DATA BLOCK.
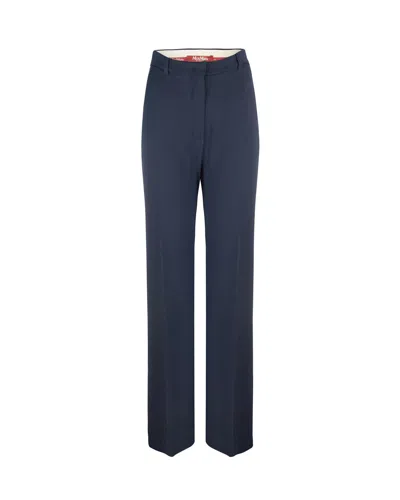 Max Mara Pleat Detailed Straight Leg Trousers In Blue
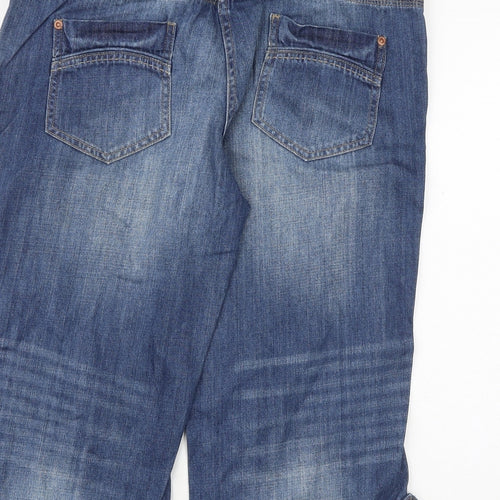 NEXT Womens Blue Cotton Cropped Jeans Size 14 Regular Zip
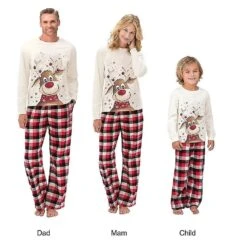 Christmas Elk Pyjamas Parent Child Set Family Matching Nightwear Xmas Casual Pjs -Schmidt Butik 490565470 max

WHAT NEEDS TO BE DONE. Omit the pictures, then copy out all the data exactly as it stands.

OUTPUT FOR THIS TASK.
 Max Mara Pleat Detailed Straight Leg Trousers In Blue
 NEXT Womens Blue Cotton Cropped Jeans Size 14 Regular Zip
 Christmas Elk Pyjamas Parent Child Set Family Matching Nightwear Xmas Casual Pjs -Schmidt Butik 490565470 max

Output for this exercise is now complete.